Only Complete Subjugation Will Do

The City of Minneapolis has decided not to completely put Surdyk’s out of business for the “crime” of selling liquor on Sundays because Sunday liquor sales would be a catastrophic moral blow to the state even though the law hasn’t quite expired yet.    The city negotiated the fine down from a multimillion dollar one-month suspension of the liquor license to $6,000 in fines and eight Sundays of suspension…

…only to have a City Council committee reject the deal.

Why?

Reading between Lisa Goodman’s lines, it’s because the greatest crime is defying Mother Government, or even not paying instant obeisance:

“We went down and asked him not to open, the state called him and asked him not to be open, and he basically said, ‘Too bad, I’m not going to do it,’” Council Member Lisa Goodman said. “If he had shut down right after they came in and asked him to do so, I might have felt different.”

“Justice” in Minneapolis is a matter of connections, after all:

A new deal must be negotiated over the next month, the council committee said, and there may be a public hearing. Goodman said she has heard from “a lot of members of the public” about the matter, and they are not happy that Surdyk might have gotten off with a $6,000 fine and 10-day suspension.

Yeah, Goodman.  I just bet you did, and I just bet they’re not.

The worst part?  The best defense seems to be self-abasement:

His lawyer, Dennis Johnson, told council members that a $6,000 fine would wipe out any profit Surdyk made on March 12, the day he opened illegally. Johnson attempted to make no justification for his client’s actions, however.

“It’s simply that it was a boneheaded move,” Johnson said. “We need to deal with it, and accept any consequences that come from the city.”

Johnson said Surdyk just wants the problem to be resolved, and he is hoping that time and the fact that his business has been a model of regulatory compliance for 40 years, will help the city show some leniency.

“In the heat of the moment he made a horrible decision,” Johnson said, as Surdyk looked on. “He can’t justify what he did. He screwed up.”
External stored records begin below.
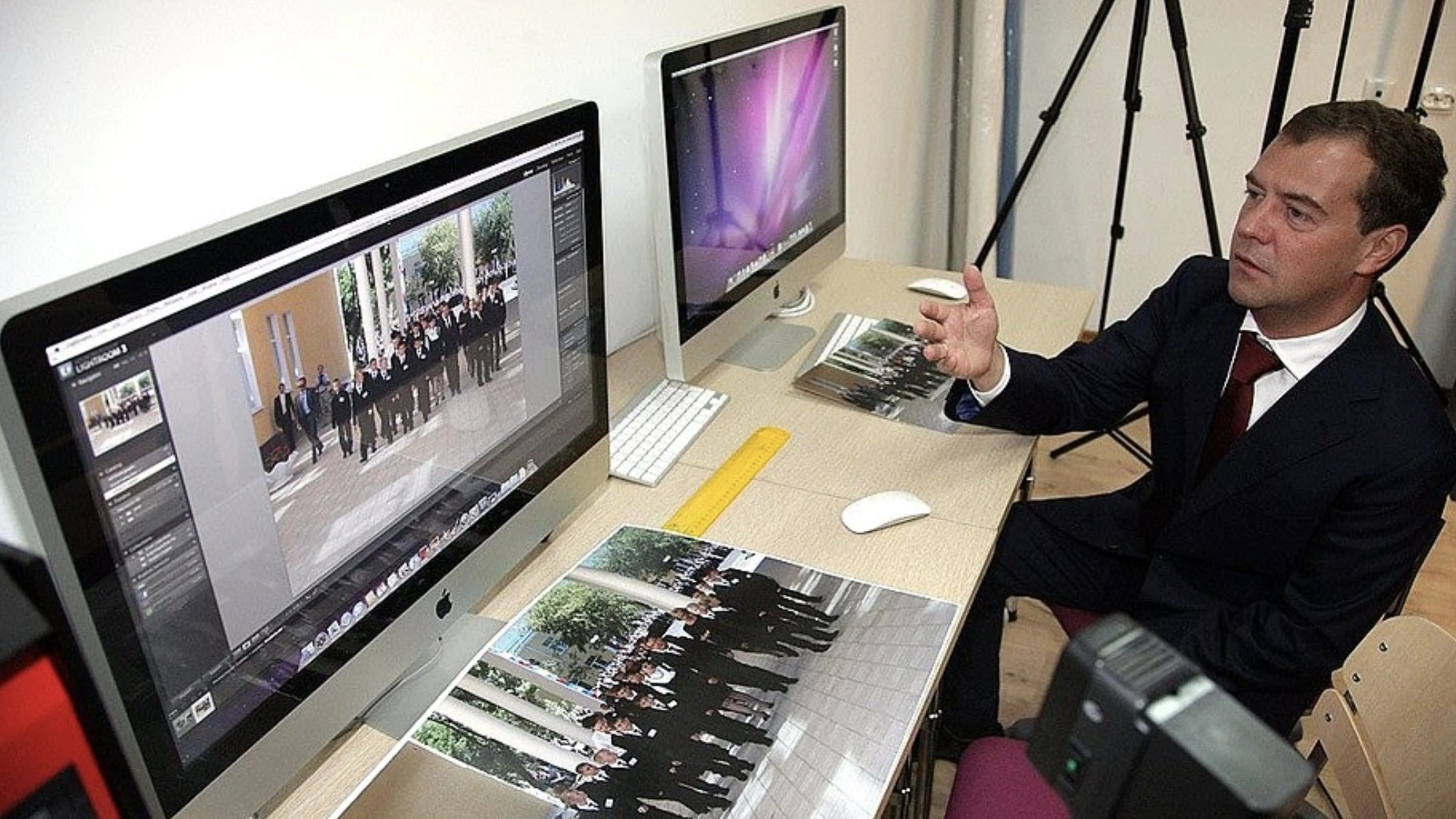 A legal professional reviewing source imagery at an editing workstation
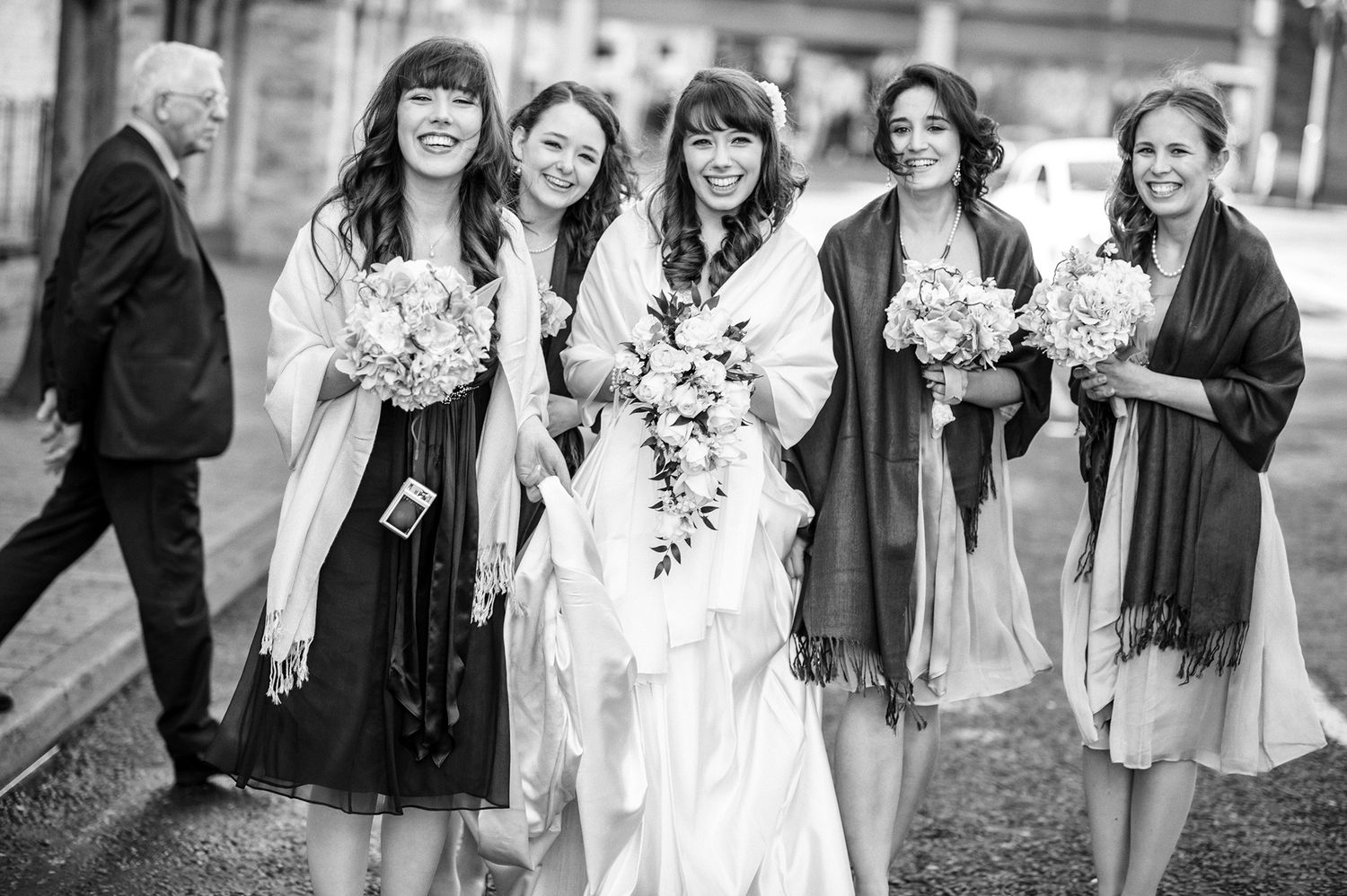 Group wearing winter attire and scarves gathered outdoors for a black and white wedding photo.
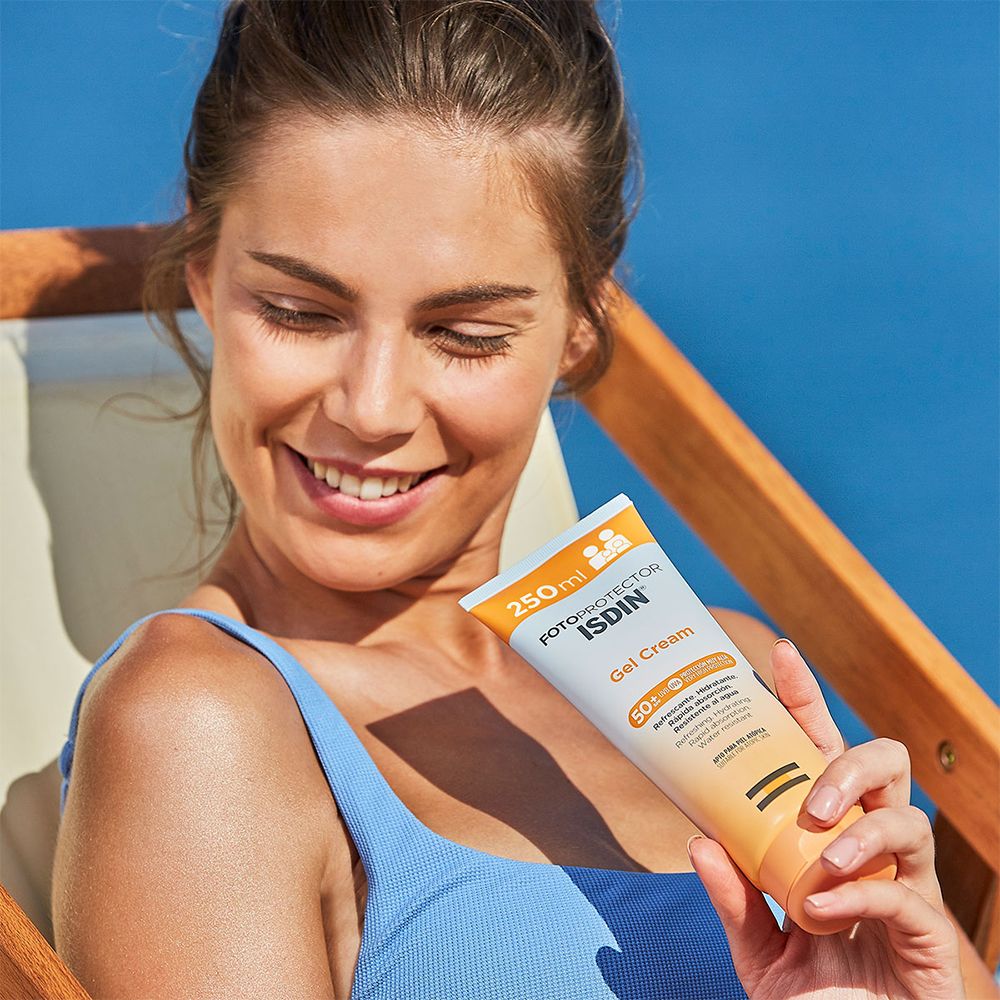Donna tiene in mano tubo ISDIN Fotoprotector Gel Cream LSF 50+. Sorride. Sfondo: spiaggia e mare.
It’s American in 2017, and striking a blow for freedom against a stupid regulation in an autocratic bureaucracy needs to be defended by pleading “I just can’t make decisions without the beneficent hand of the all-wise Council guiding me”.

This nation is doomed.

24 thoughts on “Only Complete Subjugation Will Do

  1. Somebody on the city council has a “friend” who wants to redevelop the property.
    Surdyk currently pays $85k in property taxes – the city knows that his lot could provide much more.
    Its no longer a run down part of town.
    A 29 story high end condo highrise could bring in closer to half million with retail at street level making up for the lost sales tax

    Surdyk painted a target on his back.

  2. Government is far more of a scam than doing good or doing what is necessary. Does an increase in taxes ever equate with a better quality of life?

  3. Does it seem odd that Liberals will earnestly insist that a lifetime of slaughter does not justify capital punishment; but a single mistake absolutely requires the business equivalent?

    The liquor store was open the wrong day. Close the doors, put all those people out of work.

    Trump made an off-color remark decades ago. Impeach him.

    Milo said something offensive. Ban him from every social media.

    A restaurant in Stillwater explains taxes to customers. Ruin his business with fake one-star reviews.

    Where’s the moderation, the judgment, the care to fit the punishment to the crime?

  4. JD,

    Unfortunately, libidiots are morally bankrupt degenerates. They have convinced over 40 million gullible sheep that it’s OK to lie, cheat, steal and ignore both the law and the Constitution, as long as it benefits them. Conservatives need our version of George Soros, if that person exists.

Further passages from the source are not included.